In this section, we will take you on a deep-dive journey of how we actually breathe and what happens when you breathe in air.


Why do we breathe?

We breathe in to bring in oxygen needed for our body to perform the functions that keep us alive. When we breathe out it then removes the bi-product of these actions, carbon dioxide. Breathing is a careful balance between oxygen and carbon dioxide levels in the body. The more you can control this process, the stronger your health and wellbeing will become.

breath fact

Breathing just happens ...

Yes, it does. Breathing is part of our autonomic system. That means that we don't need to think about it for it to happen. An average adult can breathe anywhere between 20,000 to 26,000 times per day!


If you did anything else that many times per day you would most certainly notice it, but do you ever notice your breathing?

I just use my lungs to breathe, right?

No. Although the lungs play a vital role when we breathe, they are actually not capable of inflating themselves. So, how do we get air into the lungs? Muscle contraction is what makes breathing possible, it all starts with our diaphragm.

How do we breathe?

Let's first explore the parts of the body that makes it possible for us to breathe.

1. The respiratory system

The respiratory system in our body is made up of several organs and structures that support us in being able to get air into the lungs.

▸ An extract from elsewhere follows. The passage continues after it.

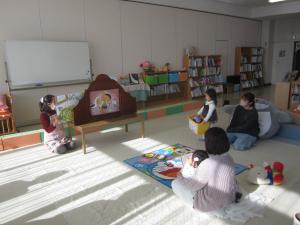 おいで楽しい絵本の時間1210(2)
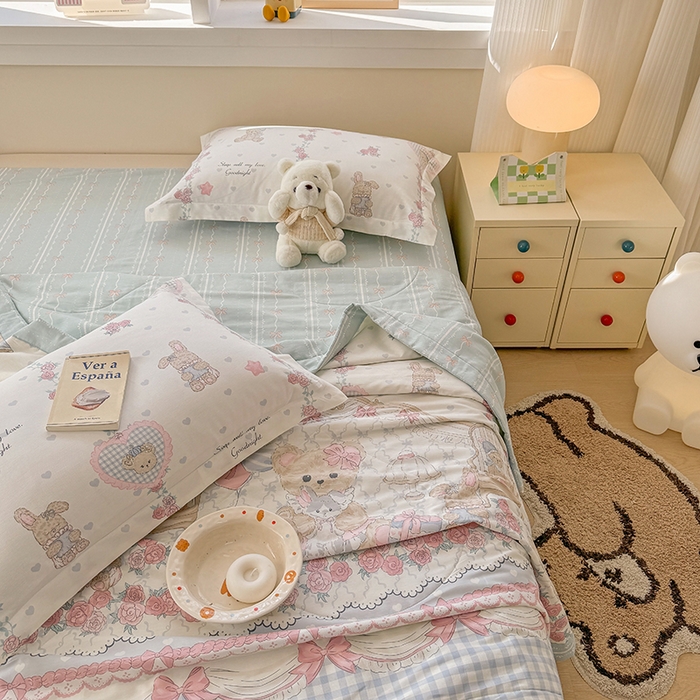 91家纺网 家纺一手货源 找家纺 梦依依 2025新款小清新印花系列里外全棉棉花被夏被四件套 宝利熊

The respiratory system is divided into an upper and lower respiratory tract.

The upper tract includes:

  • the nose and nasal cavity

  • the sinuses

  • the pharynx (throat)

  • the larynx (voice box)


The lower respiratory tract includes:

  • the lungs

  • the trachea (windpipe)

  • the diaphragm

2. The diaphragm

The diaphragm is the most important muscle in the movement of breathing. It is a parachute-shaped muscle that sits at the base of the chest and divides the chest cavity (where your heart and lungs live) from the abdominal cavity (where your digestive organs live).

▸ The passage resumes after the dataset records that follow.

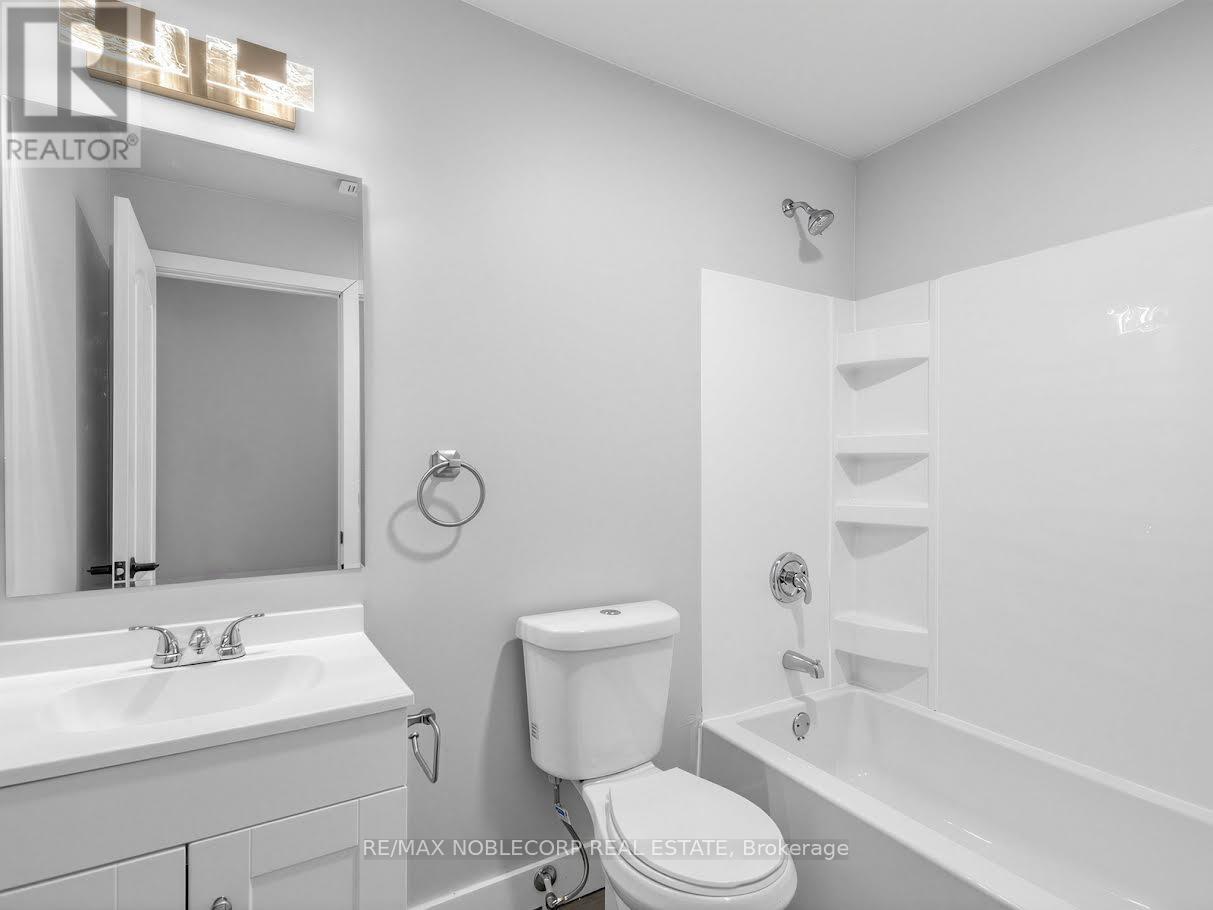 Lower - 59 Scott Crescent, Barrie, Ontario  L4N 4W2 - Photo 13 - S13042384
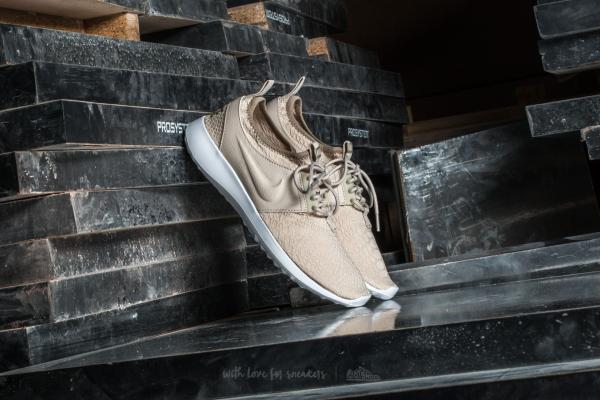 Nike Wmns Juvenate Se Oatmeal/ Oatmeal-Khaki-White
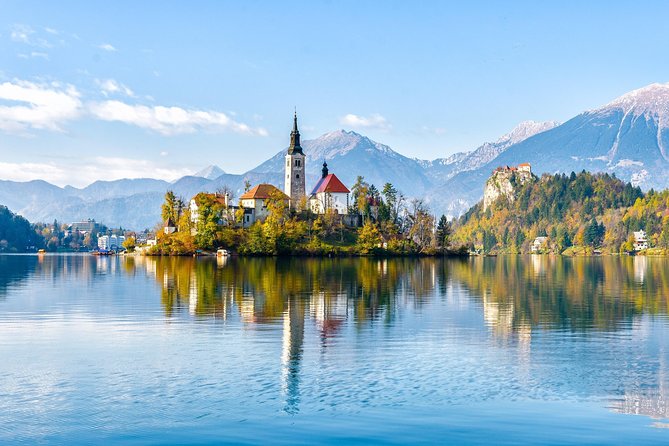 Lake Bled and Bohinj with Savica waterfall included - Experience the Best of Slovenia’s Lakes and Waterfalls in One Day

When contracted by breathing, the diaphragm produces an up-and-down motion – not only does it support healthy breathing, it regulates the rest and relaxation part of our nervous system, and massages and stimulates our main organs, such as the liver, stomach, large intestine and kidneys.


When engaged properly, the diaphragm can be used to aid digestion and improve overall physical health and wellbeing.

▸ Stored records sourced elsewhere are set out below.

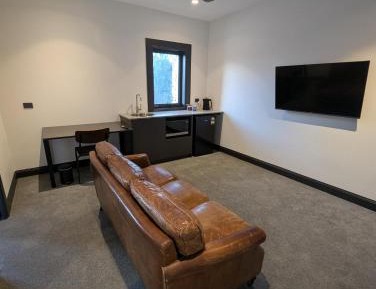 Queen Suite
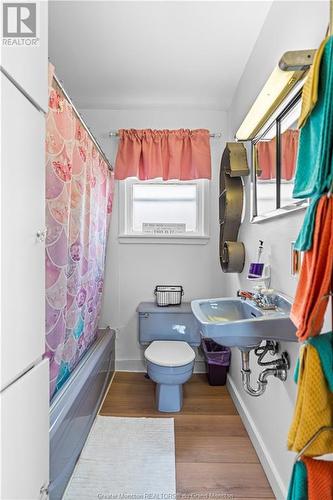 33 Hamilton St, Shediac, NB - Indoor Photo Showing Bathroom
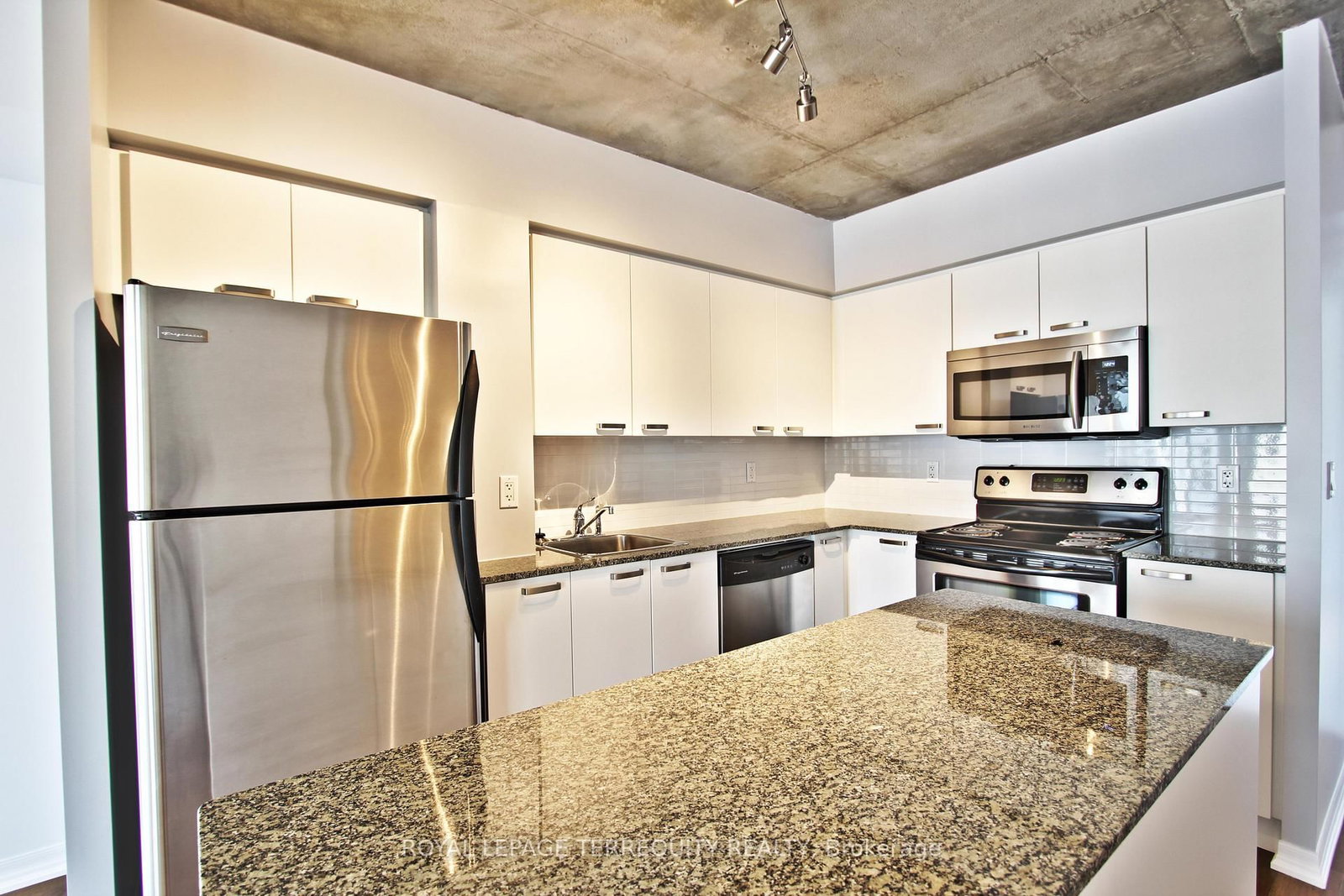 22 Wellesley Street E • #708 • Toronto, ON photo 15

3. Breathing muscles and where we breathe

Breathing happens in your torso, the central cavity of your body. Your torso is connected to your spine and the bones, muscles, and organs of the torso and helps to hold your body up.


This central cavity is extremely important for most of your vital functions. It is home to the heart, lungs, and ribs and houses many of our muscle groups, which help us breathe.


Our muscles play a crucial role in the process of breathing. They lift, move and create space in the body for us to breathe.


We have primary and secondary muscles which help activate breathing. Let's look at the primary muscles first.

Primary breathing muscles

These are the main muscles we should use to breathe.

  • Diaphragm – As mentioned above, this is the main player for breathing.

  • Intercostal muscles – situated in between the ribs that create and move the chest wall. When we breathe in, these muscles contract and pull the ribcage upward and outward.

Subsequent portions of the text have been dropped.